劉麗香不理會她的胡說八道,「華笙,別裝傻了,妳媽那麼疼妳,怎麼可能沒給妳準備嫁妝?」

「我媽幾百年前就說過,生我養我已經夠累了,沒必要給嫁妝,有本事自己去賺,再不然找個有錢老頭包養。」最後一句當然是她自己加的。

劉麗香根本沒聽見她的諷刺,「我明明聽妳爸說過,妳媽去年才處理過娘家的遺產,可是妳老爸一毛錢也沒看到,當然是在妳這。」

「妳是不是晚上太忙,累昏頭了呀?我媽跟外婆家從來不來往,哪來的遺產?」

「這是妳爸說的!」

「那妳去問我爸呀,其實妳自己應該最清楚,我媽的存摺妳不是全翻遍了嗎?」

劉麗香跳了起來,狠狠地逼視她,「妳藏不了一輩子的。」

咚咚報以最明朗的笑容,「那可難說。」

劉麗香忿忿地衝出去〈壽司也帶走了〉,咚咚終於不用再掩飾她的驚訝。

媽媽處理過遺產?這是真的嗎?為什麼她一句都不提?

如果是真的,就表示她跟娘家的親戚還有聯絡,也就是說咚咚也許還有素未謀面的外公外婆或舅舅阿姨和表兄弟?

她小時候就想像過這些親人應該是什麼樣子,直到此時才覺得真實無比。

但是某人的話可信嗎?如果真有這回事,總該有文件之類的東西留下,她劉女士都已經把老媽的遺物翻遍了,怎麼會找不到?

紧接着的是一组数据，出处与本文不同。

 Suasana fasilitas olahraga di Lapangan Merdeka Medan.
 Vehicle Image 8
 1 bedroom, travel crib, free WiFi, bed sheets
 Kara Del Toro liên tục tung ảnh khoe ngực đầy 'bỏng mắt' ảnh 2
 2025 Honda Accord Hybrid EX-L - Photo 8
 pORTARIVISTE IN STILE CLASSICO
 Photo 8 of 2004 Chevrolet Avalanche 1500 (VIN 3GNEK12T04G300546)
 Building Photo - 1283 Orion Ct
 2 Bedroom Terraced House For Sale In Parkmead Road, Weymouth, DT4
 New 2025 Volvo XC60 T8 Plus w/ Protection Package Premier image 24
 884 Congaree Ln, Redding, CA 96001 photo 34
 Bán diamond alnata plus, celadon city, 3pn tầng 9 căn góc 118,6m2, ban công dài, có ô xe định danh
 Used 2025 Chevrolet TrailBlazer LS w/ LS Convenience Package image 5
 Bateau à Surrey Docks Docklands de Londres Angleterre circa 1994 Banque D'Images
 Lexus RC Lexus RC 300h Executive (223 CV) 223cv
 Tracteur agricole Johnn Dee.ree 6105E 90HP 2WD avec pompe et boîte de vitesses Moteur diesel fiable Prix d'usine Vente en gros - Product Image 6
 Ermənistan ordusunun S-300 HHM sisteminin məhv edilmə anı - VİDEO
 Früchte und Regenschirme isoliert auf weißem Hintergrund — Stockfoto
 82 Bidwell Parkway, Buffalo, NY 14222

四下蒐尋,所找到最接近文件的東西是一箱垃圾:超市跟百貨公司的減價DM、髮廊折價券、洗面乳跟衛生棉的試用包。老媽只要看到有人發贈品,一定會跟人家多要一份,拿回來卻根本派不上用場,放到都變質了。這些東西劉麗香當然是不屑一顧。

咚咚拿起一本五年前的日曆,裏面掉出一疊東西,也讓她的眼珠差點掉出來。
那是一份老舊發黃的戶口名簿,還是手寫的,年代是老爸老媽結婚那年,潦草的字跡說明木明美的出生地是○○縣○○鄉小強村小強山莊。

這‧‧‧這是什麼地名?莫非這村子其實是個神祕宗教團體,每到月圓就會大家聚在一起跳舞拜蟑螂?或是絕跡江湖的武林門派,以蟑螂為師,天天練蟑螂拳?

不對,「小強」變成蟑螂的別稱是最近幾年的事,當年村子取地名的用意絕對不可能是這樣,大概是為了鼓勵大家莊敬自強吧。以前人取名字超沒想像力,不是愛國就是忠孝,再不然中山中正一大堆,根本搞不清楚哪裏是哪裏。不叫「自強村」而是「小強村」,命名者算很有創意的了。

說歸說,她還是忍不住想像一群人穿著蟑螂服擠在活動中心開村民大會的景象。